The cancer susceptibility in hereditary nonpolyposis colorectal cancer (HNPCC) syndrome is associated with defective DNA mismatch repair (MMR). An inherited defect in one MMR allele and an acquired defect in the other allele lead to loss of MMR function in the respective polypeptide that accelerates tumour progression. Accordingly, lack of the mutated protein and instability at short tandem repeat sequences such as microsatellites in the genome are the main molecular characteristics of the HNPCC tumours.
More than 450 different MMR gene mutations and 100 intragenic polymorphisms, affecting mostly the MMR genes, MLH1, MSH2, and MSH6, are listed in the international HNPCC mutation database (http://www.nfdht.nl). The clinical phenotype varies between families. Contrary to most mutations affecting the MLH1 and MSH2 genes, a significant proportion of MSH6 mutations occur in HNPCC families with less typical clinical features. Carriers of MSH6 mutations often display late age at onset, carcinomas of the endometrium, and low or no microsatellite instability (MSI) in tumours (Miyaki et al, 1997; Kolodner et al, 1999; Wijnen et al, 1999; Wu et al, 1999; Parc et al, 2000; Wagner et al, 2001; Berends et al, 2002; Peterlongo et al, 2003; Cederquist et al, 2004). Moreover, one-third of MSH6 mutations are nontruncating, and so do not necessarily destroy the encoded protein. These mutations may be associated with a positive immunohistochemical (IHC) staining for the MSH6 protein, which makes them even more difficult to interpret. In the mutation database, 12 MSH6 amino-acid substitutions are listed as pathogenic mutations, while 16 nucleotide changes in the MSH6 coding sequence are listed as polymorphisms. In both groups some changes are found to segregate in putative HNPCC families, while others occur in single endometrial cancer (EC) or colorectal cancer (CRC) patients, which impedes segregation analysis and makes their interpretation impossible.
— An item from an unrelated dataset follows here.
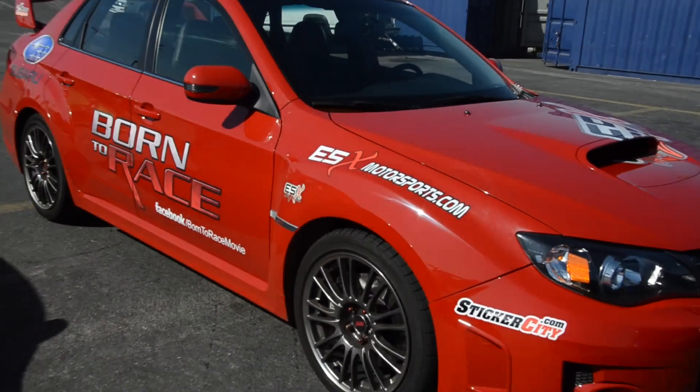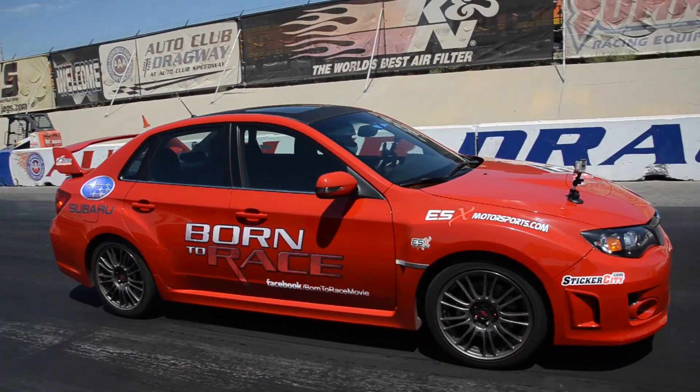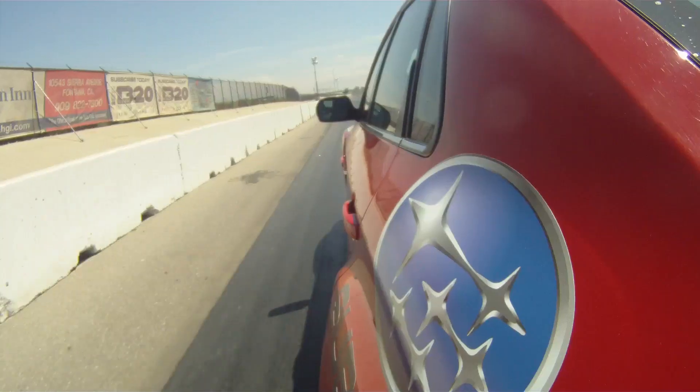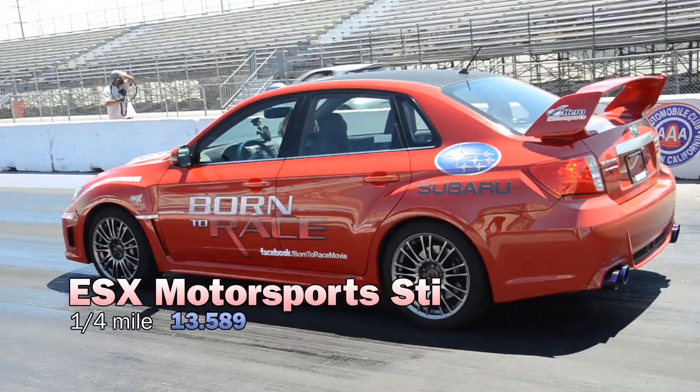Here we are with the 2011 WRX STI, lightly modded from ESX Motorsports — it's got an intake system and an exhaust system. What are your impressions? It was more fun because you could actually get a good launch and control the slip with the clutch. I had a lot of fun with this car. You did better than I did — what were you able to get out of it? A 13.6. With the traction control on, my best was a 13.8. Take that traction control off if you're bringing it to the drag strip.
To address the question, which, if any, MSH6 missense mutations cause susceptibility to HNPCC, we previously studied the functionality of six MSH6 variants (S144I, G566R, P1087T, P1087R, R1095H, and L1354Q) (Kariola et al, 2002, 2003). Here, we expanded the study by analysing five novel MSH6 missense mutations (R128L, P623L, K728T, G881K+S, and E1193K). Distinct from the previous cases, these mutations were derived from a population-based study of EC and CRC patients whose tumours showed MSI, the main hallmark of HNPCC. Our experimental results in conjunction with the clinical characteristics of the patients provide evidence that most MSH6 missense mutations found in a population-based case series of patients with MSI positive tumours are unlikely to be deleterious.